Non Drosophila viruses

These are viruses not so far isolated from natural populations or routine laboratory cultures of flies, which can be used as research tools to investigate the basic mechanisms of virus-host-cell interactions in Drosophila.

4.2.2.1 Flock House virus (FHV)

FHV belongs to the Nodaviridae family. These are small («30 nm diameter), non-enveloped ribo-viruses with a genome composed of two single-stranded, positive-sense RNAs. Both RNAs are capped at the 5' end, but not polyadenylated. This bipartite genome is packaged in an icosahedral capsid assembled from 180 copies of a single type of coat protein. The genome organization and replication strategy of the nodaviruses is among the simplest of known viruses (reviewed in Venter and Schneemann, 2008). RNA1 (3.1 kb) encodes the 112 kDa replicase, whereas RNA2 (1.4 kb) encodes the 43 kDa capsid-protein precursor. In infected cells, the subgenomic RNA3 (0.4 kb) is produced from RNA1. It encodes the protein B2, a potent suppressor of RNA interference (Li et al., 2002).

FHV was originally isolated from the grass grub Costelytra zealandica near the Flock House Agricultural research station in New Zealand in 1983. Although isolated from a Coleopteran insect, FHV replicates efficiently in cultured Drosophila cells and in vivo, providing a valuable model to study host-virus interactions (Li et al, 2002; Galiana-Arnoux et al., 2006; Wang et al., 2006).

4.2.2.2 Sindbis virus (SINV)

SINV is the type-specific member of alphaviruses, a widely distributed group of significant human and animal pathogens that belong to the family of Togaviridae. Among them, Venezuelan equine encephalitis and O'nyong nyong viruses are an important public health threat. Alphaviruses circulate in nature by continuous transmission between mosquitoes and susceptible vertebrate hosts. In insect vectors, they cause lifelong chronic infections, whereas vertebrate hosts show acute disease characterized by a high viraemia. SINV was originally collected in 1952 from the mosquito Culex univittatus near the town of Sindbis in Egypt. SINV is one of the least pathogenic alphaviruses, but its study provided highly valuable information about the mechanism of RNA replication and virus interaction with host cells. SINV has a single-stranded RNA genome of 11 703 nt. The RNA is capped at the 5' end, and polyadenylated at the 3' end. It is packaged in an icosahedral nucleocapsid surrounded by a lipid envelope embedded with glycoprotein components. Virions are about 70 nm in diameter. The 5' two-thirds of the genomic RNA encode four non-structural proteins, nsP1 to nsP4, that form, together with cellular factors, an RNA-dependent RNA polymerase complex required for transcription and replication of the RNA. The 3' one-third codes for the structural proteins C, E1, E2, E3, and 6K. In nature, the basic maintenance cycle of SINV is between mosquitoes and birds, although other vertebrates, including humans, may also be infected, causing only subclinical disease fever. SINV can also replicate in Drosophila, but does not cause overt pathology upon infection in wild-type flies (Galiana-Arnoux et al., 2006).

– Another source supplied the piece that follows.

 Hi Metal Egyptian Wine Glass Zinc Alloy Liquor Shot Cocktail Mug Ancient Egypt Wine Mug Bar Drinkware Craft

4.2.2.3 Cricket paralysis virus (CrPV)

CrPV was isolated from laboratory colonies of Australian field crickets (Teleogryllus oceanicus and Teleogryllus commodus) containing some early-instar nymphs which developed a paralysis of the hind legs, became uncoordinated, and died. Electron microscopic sections of paralysed insects revealed many virus-like particles in crystalline arrays reminiscent of those observed in picornavirus-infected cells. CrPV belongs to the Dicistroviridae family and is closely related to DCV (Figure 4.1). Although originally isolated from crickets, CrPV has a wide host range, infecting insects belonging to the orders Diptera, Lepidoptera, Orthoptera, and Heteroptera. Importantly, it also replicates efficiently in Drosophila SL2 cells and is pathogenic when injected into flies (Wang et al, 2006).

4.2.2.4 Vesicular stomatitis virus (VSV)

VSV is a member of the family Rhabdoviridae, genus Vesiculovirus. Virions are 70 nm in diameter and 170 nm long, and consist of an envelope within which is a helically coiled cylindrical nucleocapsid. The precise cylindrical form of the nucleocapsid is what gives the viruses their distinctive bullet or conical shape. The genome is a single, linear, negative-sense 11.2 kb molecule of single-stranded RNA. Virus replication is restricted to the cytoplasm of the host cell. VSV infects biting insects (e.g. sand flies, mosquitoes) and can be transmitted to mammalian hosts, in particular cattle, horses, and swine, by these insects. In cultured Drosophila cells, VSV establishes a persistent, non-cytopathic infection (Dezelee et al., 1987).

4.2.2.5 Insect DNA viruses

Insects can also be infected by DNA viruses. These include baculoviruses, which are large rod-shaped (250-300 nm long, 30-60 nm in diameter) enveloped viruses (Friesen and Miller, 2001). The baculovirus genome is a large covalently closed circle of dsDNA. The Autographa californica nucle-opolyhedrovirus (AcMNPV) genome («134 kb) encodes more than 300 ORF. Baculoviruses have been isolated from many insect species. In general they have distinct and relatively narrow host ranges. However, certain baculoviruses, including AcMNPV, have broader host ranges. Interestingly, AcMNPV can efficiently enter Drosophila cells, but viral entry or early gene expression triggers apoptosis and as a consequence, Drosophila is not permissive for this DNA virus (Lannan et al., 2007). Iridoviridae, Ascoviridae, Poxviridae, and Parvoviridae are also found in insects. Curiously however, no DNA viruses have been isolated from Drosophila so far.

4.2.2.6 Infectious retrotransposons and endogenous retrovirus

Retrotransposons are transposable elements that replicate by reverse transcription of an RNA intermediate, followed by integration of the resulting DNA into the genome of host cells. Retrotransposons are widespread in Drosophila, and belong to different classes (Kaminker et al., 2002). Some Drosophila long terminal repeat (LTR) retrotransposons contain an env gene and are classified in the family Errantiviridae. The env gene encodes a transmembrane glycoprotein, which can mediate binding to a host-cell receptor. However, whereas vertebrate retroviruses are predominantly transmitted horizontally by cell-to-cell infection, Errantiviridae, also known as endogenous retroviruses, are mainly transmitted vertically from mother to offspring as integrated copies in the host-cell genome. The genome of D. melanogaster contains a large number of LTR retrotransposable elements (up to 304, belonging to 49 families), of which only a few contain an env-like gene. The endogenous retroviruses from Drosophila include gypsy, the best-characterized Errantivirus, which has a genetic organization reminiscent of that from classical vertebrate gammaretroviruses. Importantly, gypsy is the only endogenous errantivirus that has been demonstrated to be capable of exogenous infection in Drosophila (Bucheton, 1995).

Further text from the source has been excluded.